Content starts
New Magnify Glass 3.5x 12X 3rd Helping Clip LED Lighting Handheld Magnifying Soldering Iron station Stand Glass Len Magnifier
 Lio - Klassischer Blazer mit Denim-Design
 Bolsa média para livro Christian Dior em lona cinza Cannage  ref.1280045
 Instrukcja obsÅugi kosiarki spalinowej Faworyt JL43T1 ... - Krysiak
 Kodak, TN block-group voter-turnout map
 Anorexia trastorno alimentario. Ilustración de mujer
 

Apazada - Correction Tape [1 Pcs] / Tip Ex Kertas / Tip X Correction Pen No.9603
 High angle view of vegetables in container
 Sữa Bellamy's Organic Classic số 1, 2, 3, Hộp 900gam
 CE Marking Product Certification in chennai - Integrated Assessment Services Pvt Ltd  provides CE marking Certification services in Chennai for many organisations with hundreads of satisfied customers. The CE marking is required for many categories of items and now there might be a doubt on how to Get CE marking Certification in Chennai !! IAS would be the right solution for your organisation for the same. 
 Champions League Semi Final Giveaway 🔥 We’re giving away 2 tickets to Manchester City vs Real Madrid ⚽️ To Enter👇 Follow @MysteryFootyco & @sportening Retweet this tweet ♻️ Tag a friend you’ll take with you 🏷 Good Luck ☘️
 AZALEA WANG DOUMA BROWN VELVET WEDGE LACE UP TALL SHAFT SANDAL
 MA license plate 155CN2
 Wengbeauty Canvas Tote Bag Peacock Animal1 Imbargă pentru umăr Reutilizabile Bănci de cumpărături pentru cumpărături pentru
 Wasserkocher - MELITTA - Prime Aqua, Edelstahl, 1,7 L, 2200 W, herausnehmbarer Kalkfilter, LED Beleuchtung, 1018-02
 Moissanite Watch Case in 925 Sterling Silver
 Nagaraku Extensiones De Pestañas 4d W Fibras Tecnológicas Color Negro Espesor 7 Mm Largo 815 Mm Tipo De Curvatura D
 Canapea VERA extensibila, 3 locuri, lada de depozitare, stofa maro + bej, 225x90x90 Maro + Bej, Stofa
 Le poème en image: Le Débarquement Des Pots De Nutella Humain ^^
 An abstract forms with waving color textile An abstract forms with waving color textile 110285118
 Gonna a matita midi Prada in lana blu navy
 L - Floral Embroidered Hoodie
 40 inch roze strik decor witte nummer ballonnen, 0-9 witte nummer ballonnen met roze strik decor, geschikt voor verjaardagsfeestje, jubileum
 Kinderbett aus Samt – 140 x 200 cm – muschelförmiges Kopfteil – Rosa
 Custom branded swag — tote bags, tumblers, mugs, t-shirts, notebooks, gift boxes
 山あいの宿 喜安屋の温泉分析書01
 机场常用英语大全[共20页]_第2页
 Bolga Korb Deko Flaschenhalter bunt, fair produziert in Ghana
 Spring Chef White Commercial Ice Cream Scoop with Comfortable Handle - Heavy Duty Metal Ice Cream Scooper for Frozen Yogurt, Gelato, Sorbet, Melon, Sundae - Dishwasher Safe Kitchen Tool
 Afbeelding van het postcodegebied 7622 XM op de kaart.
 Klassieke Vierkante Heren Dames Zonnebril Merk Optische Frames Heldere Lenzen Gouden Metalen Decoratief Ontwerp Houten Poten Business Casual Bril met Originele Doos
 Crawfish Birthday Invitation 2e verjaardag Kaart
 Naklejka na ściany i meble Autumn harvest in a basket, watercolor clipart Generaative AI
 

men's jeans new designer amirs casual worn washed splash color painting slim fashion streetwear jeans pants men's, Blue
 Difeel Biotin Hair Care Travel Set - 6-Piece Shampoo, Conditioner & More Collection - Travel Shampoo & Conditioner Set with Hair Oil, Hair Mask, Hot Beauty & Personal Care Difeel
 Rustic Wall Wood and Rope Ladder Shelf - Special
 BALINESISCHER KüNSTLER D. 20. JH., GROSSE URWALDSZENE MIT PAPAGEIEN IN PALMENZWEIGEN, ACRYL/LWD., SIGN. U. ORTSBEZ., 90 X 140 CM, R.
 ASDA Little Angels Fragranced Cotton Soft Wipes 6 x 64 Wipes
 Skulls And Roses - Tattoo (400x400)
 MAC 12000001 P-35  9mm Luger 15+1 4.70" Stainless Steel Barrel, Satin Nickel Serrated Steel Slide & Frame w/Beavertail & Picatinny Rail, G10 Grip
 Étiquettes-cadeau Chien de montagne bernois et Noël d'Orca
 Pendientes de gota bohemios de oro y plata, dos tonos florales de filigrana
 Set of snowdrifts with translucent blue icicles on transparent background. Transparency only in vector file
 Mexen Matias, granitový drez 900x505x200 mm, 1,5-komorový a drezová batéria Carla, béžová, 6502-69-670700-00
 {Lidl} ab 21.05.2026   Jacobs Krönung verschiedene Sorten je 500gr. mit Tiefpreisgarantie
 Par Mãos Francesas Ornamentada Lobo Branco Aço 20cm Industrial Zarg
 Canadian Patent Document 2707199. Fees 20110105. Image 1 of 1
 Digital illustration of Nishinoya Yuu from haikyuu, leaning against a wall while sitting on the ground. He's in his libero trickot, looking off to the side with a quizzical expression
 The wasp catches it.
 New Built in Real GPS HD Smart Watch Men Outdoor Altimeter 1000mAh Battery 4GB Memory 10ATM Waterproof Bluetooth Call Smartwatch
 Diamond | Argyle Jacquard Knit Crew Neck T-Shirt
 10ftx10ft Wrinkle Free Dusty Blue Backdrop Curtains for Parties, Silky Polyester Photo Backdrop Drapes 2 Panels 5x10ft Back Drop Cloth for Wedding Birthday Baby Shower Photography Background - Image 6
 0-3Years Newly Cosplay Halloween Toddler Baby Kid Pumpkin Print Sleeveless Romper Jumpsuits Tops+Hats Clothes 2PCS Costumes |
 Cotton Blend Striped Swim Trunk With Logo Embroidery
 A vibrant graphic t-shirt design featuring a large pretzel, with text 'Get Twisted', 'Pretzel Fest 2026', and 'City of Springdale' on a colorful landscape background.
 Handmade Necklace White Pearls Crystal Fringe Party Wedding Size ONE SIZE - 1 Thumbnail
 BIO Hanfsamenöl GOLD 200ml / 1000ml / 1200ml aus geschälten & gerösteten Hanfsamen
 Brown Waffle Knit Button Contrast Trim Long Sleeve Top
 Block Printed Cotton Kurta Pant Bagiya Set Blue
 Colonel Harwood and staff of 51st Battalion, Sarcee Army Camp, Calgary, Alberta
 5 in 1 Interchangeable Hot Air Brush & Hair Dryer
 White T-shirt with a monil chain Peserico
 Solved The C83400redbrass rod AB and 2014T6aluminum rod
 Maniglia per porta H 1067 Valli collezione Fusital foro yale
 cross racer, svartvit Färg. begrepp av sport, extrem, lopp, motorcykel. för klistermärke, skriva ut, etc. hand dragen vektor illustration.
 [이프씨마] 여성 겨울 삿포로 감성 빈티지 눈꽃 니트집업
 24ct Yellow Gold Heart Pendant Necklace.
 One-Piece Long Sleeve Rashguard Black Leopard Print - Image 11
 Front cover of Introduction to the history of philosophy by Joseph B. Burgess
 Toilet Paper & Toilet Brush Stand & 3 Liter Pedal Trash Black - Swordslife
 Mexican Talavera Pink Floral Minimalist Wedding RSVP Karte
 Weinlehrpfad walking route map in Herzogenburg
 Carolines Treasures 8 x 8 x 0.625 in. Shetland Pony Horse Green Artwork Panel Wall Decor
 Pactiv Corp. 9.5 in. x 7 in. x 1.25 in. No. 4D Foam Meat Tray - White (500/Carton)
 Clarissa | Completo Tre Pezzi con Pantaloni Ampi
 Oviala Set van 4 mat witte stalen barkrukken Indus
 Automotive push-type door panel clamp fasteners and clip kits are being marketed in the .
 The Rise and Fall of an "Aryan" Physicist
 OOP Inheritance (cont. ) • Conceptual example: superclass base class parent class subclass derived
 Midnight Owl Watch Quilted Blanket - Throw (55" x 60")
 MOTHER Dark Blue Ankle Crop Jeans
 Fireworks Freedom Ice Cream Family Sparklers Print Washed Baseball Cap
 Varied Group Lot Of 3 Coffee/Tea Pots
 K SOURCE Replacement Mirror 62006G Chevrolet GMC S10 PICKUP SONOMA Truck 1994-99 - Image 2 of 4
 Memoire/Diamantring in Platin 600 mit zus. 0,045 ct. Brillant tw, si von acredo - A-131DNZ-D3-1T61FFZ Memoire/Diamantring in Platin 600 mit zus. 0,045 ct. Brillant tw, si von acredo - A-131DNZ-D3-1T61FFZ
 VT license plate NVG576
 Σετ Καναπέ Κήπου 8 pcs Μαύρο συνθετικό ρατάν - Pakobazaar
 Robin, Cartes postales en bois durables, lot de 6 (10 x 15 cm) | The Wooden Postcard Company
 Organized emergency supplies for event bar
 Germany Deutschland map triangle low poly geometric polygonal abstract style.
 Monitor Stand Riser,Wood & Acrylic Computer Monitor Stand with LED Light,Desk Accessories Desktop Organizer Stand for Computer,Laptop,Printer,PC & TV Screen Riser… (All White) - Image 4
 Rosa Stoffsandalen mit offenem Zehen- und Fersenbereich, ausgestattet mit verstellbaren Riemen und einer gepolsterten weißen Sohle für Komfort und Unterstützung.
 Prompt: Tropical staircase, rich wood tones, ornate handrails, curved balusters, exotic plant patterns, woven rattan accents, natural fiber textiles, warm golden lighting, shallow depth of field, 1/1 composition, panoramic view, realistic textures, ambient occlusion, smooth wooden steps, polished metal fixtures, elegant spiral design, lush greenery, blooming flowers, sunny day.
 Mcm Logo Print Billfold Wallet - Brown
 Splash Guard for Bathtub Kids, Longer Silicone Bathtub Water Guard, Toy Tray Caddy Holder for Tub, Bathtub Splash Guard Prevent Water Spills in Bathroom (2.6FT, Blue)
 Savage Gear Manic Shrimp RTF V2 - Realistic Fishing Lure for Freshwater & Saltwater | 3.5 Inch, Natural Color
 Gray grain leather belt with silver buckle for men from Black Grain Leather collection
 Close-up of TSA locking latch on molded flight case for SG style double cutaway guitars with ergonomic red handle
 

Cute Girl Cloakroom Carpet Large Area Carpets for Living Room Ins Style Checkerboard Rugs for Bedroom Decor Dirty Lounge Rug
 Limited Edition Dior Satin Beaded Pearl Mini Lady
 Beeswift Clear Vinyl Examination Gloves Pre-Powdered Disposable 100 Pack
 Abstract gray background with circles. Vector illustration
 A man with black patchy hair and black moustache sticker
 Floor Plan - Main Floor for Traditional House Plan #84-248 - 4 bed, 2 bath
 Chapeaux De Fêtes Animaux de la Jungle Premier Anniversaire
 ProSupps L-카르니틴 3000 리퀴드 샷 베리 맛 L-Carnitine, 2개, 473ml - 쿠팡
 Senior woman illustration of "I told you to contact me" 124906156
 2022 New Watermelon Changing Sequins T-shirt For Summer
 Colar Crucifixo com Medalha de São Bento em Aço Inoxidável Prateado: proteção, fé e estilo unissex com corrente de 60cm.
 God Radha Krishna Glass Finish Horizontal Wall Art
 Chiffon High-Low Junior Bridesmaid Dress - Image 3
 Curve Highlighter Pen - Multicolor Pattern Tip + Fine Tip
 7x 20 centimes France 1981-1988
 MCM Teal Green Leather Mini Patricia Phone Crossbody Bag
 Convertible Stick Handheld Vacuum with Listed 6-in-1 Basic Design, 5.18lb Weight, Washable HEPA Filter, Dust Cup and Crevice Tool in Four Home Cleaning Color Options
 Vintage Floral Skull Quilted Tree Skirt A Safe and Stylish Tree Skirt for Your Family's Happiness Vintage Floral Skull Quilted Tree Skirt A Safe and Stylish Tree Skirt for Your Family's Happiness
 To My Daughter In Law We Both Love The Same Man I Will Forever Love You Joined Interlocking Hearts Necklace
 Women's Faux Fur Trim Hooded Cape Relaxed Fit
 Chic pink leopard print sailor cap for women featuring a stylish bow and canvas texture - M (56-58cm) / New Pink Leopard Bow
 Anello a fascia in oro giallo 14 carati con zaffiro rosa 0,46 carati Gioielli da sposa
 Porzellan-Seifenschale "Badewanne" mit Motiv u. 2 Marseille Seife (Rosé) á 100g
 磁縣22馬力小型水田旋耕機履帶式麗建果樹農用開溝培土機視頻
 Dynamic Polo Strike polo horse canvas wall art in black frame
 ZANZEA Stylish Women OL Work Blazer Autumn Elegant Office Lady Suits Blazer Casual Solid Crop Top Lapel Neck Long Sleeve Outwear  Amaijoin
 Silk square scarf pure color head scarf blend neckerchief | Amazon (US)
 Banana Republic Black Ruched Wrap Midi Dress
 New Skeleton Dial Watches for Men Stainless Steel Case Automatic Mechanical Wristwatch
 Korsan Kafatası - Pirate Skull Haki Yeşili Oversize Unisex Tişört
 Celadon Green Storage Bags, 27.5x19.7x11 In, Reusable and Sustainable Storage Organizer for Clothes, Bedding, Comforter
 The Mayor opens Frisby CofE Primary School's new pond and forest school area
Content ends
GOAL OF THE EXERCISE:
Please find every line in the records above that holds the word "City" and copy it.

ANSWER:
 Champions League Semi Final Giveaway 🔥 We’re giving away 2 tickets to Manchester City vs Real Madrid ⚽️ To Enter👇 Follow @MysteryFootyco & @sportening Retweet this tweet ♻️ Tag a friend you’ll take with you 🏷 Good Luck ☘️
 A vibrant graphic t-shirt design featuring a large pretzel, with text 'Get Twisted', 'Pretzel Fest 2026', and 'City of Springdale' on a colorful landscape background.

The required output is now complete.